# WORK REQUEST
Nothing but the lines from the one containing "2Bed 2Bath F" through the last line of the records belongs in the answer, copied exactly and with the pictures left out.

# RECORDS PROVIDED
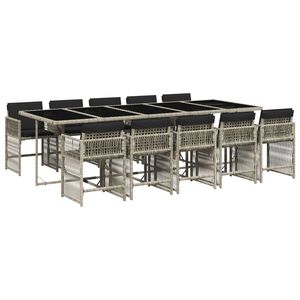 vidaXL Set de comedor de jard&iacute;n 11 pzas y cojines rat&aacute;n sint&eacute;tico gris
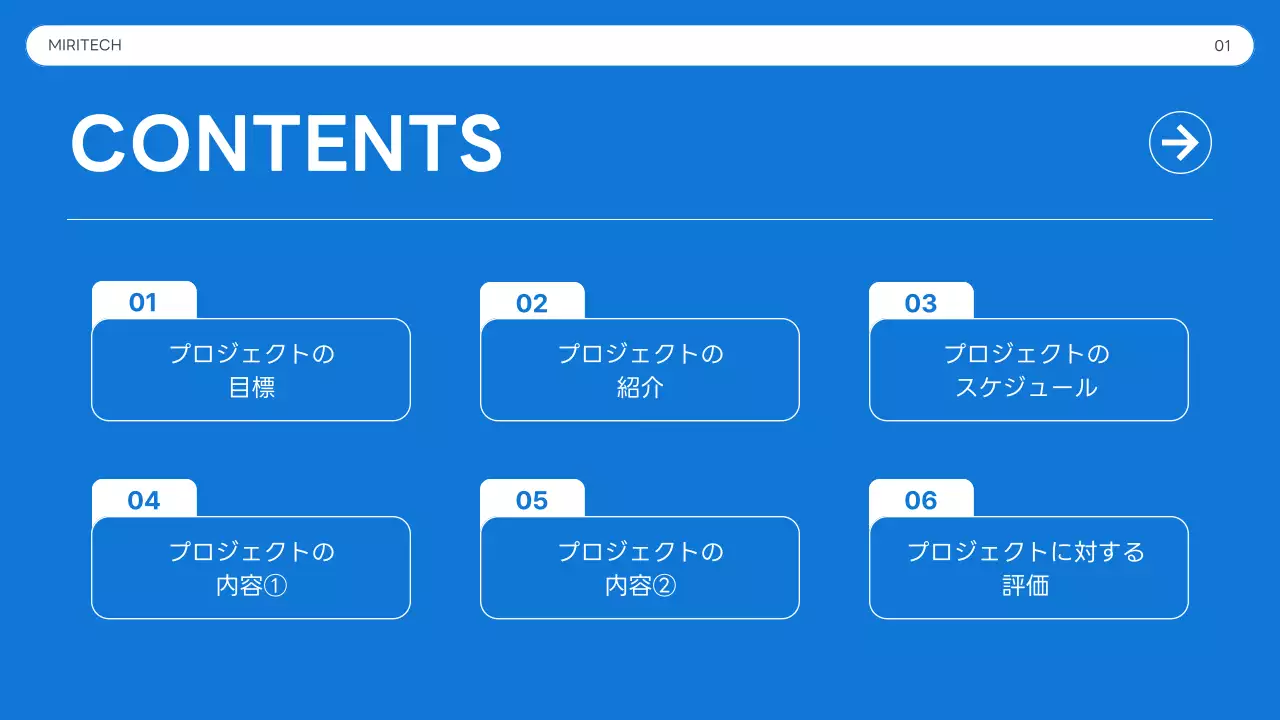 青 シンプル プロジェクト 報告書 プレゼンテーション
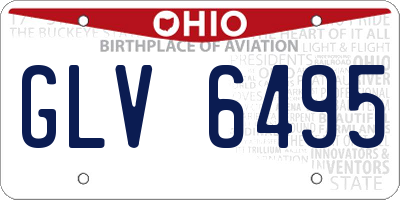 OH license plate GLV6495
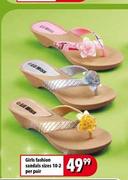 Girls Fashion Sandals Sizes 10-2-Per Pair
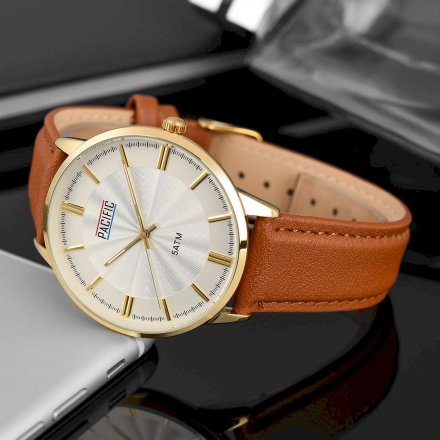 Złoty męski zegarek z paskiem PACIFIC  X0060-09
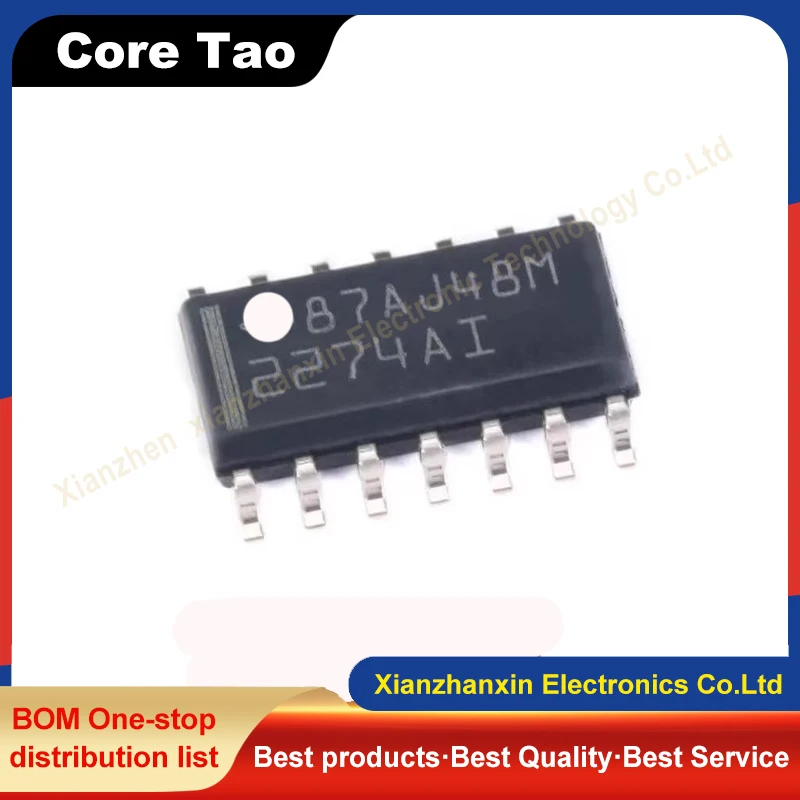 5 PÇS/LOTE TLC2274AIDR TLC2274 2274A SOP-14 Rail-to-rail chip amplificador operacional de quatro canais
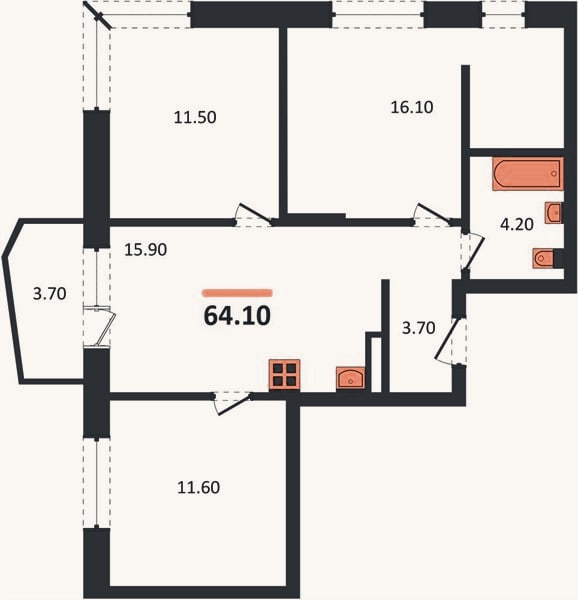 Планировка: 3-к, 64,1 м²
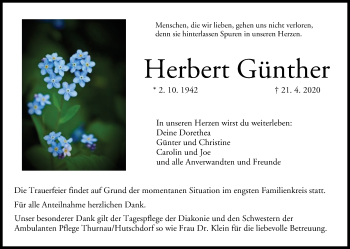 Anzeige von Herbert Günther von MGO
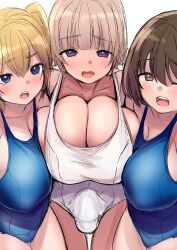 1futa 2girls big_breasts blue_eyes breasts brown_fur brown_hair bulge bulge_through_clothing clothed clothing erection female fully_clothed futanari high-angle_view huge_breasts human light-skinned_female light-skinned_futanari light_skin massive_breasts ohanachan original penis pink_hair purple_eyes school_swimsuit short_hair simple_background standing swimsuit twintails white_background yellow_hair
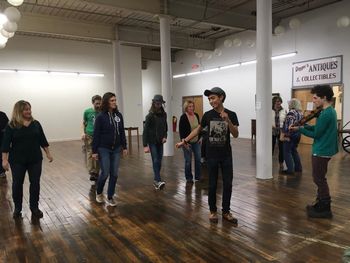 Armand teaching a flatfoot workshop with Benjamin Foss on fiddle. New Bedford, MA. December 29, 2019.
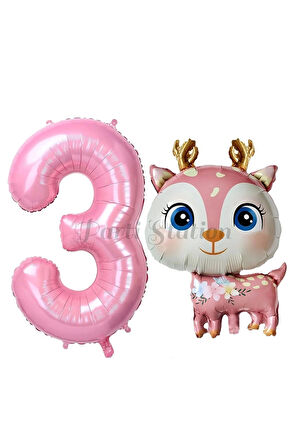 Sevimli Geyik 7 Yaş Balon Set Ceylan Balon Woodland Konsept Geyik Balon ve Pembe Renk Rakam Balon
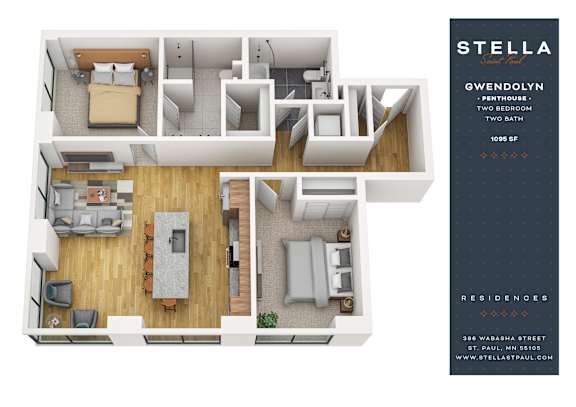 2Bed 2Bath F Floor Plan at Stella St. Paul Apartments, Minnesota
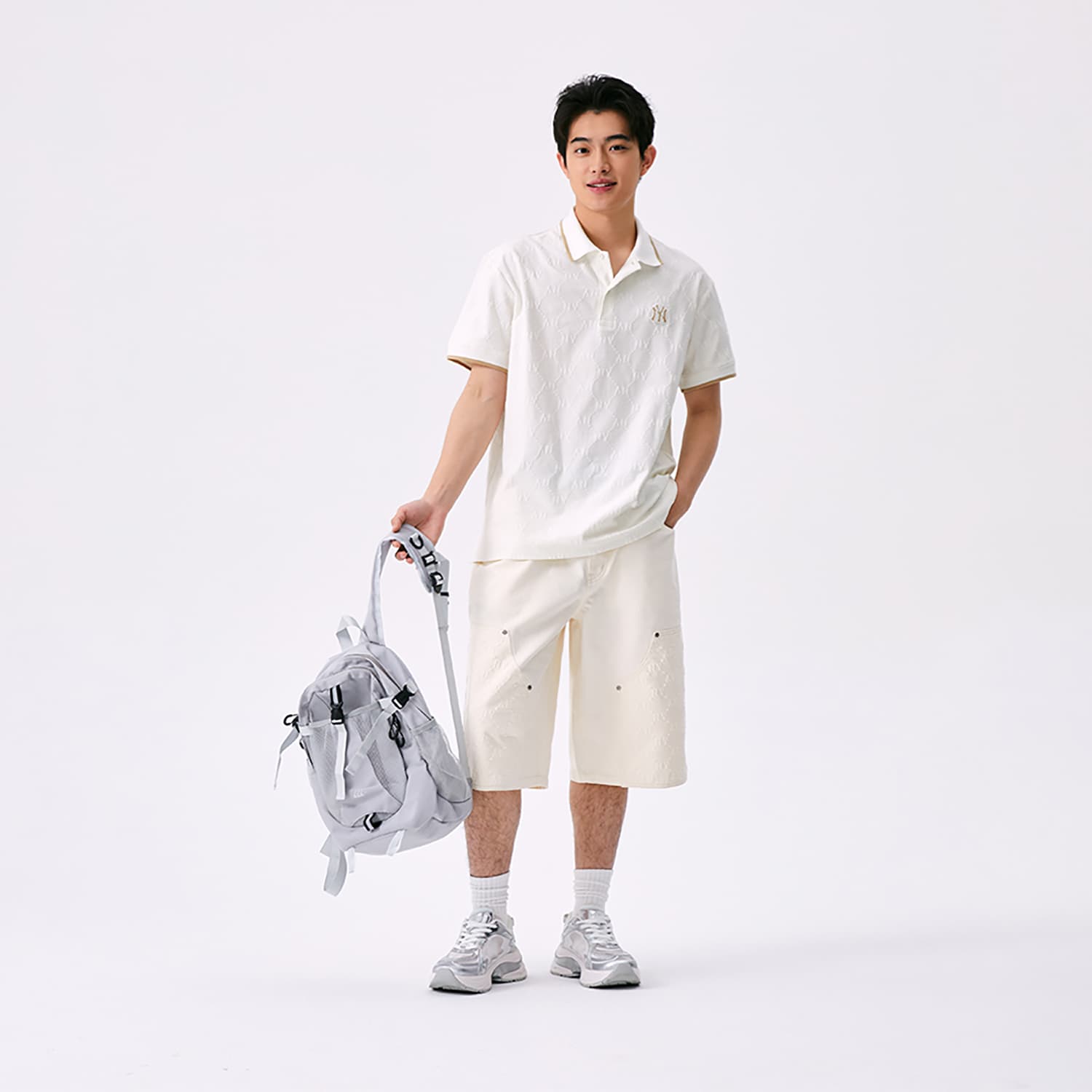 Джинсовые шорты MLB MONOGRAM SS25 Джинсовые шорты Мужские Белые - изображение 7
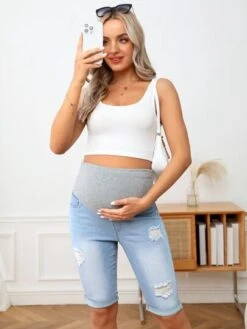 SHEIN Maternity Ripped Roll Up Hem Denim Shorts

# ANSWER FOR THIS EXERCISE
 2Bed 2Bath F Floor Plan at Stella St. Paul Apartments, Minnesota
 Джинсовые шорты MLB MONOGRAM SS25 Джинсовые шорты Мужские Белые - изображение 7
 SHEIN Maternity Ripped Roll Up Hem Denim Shorts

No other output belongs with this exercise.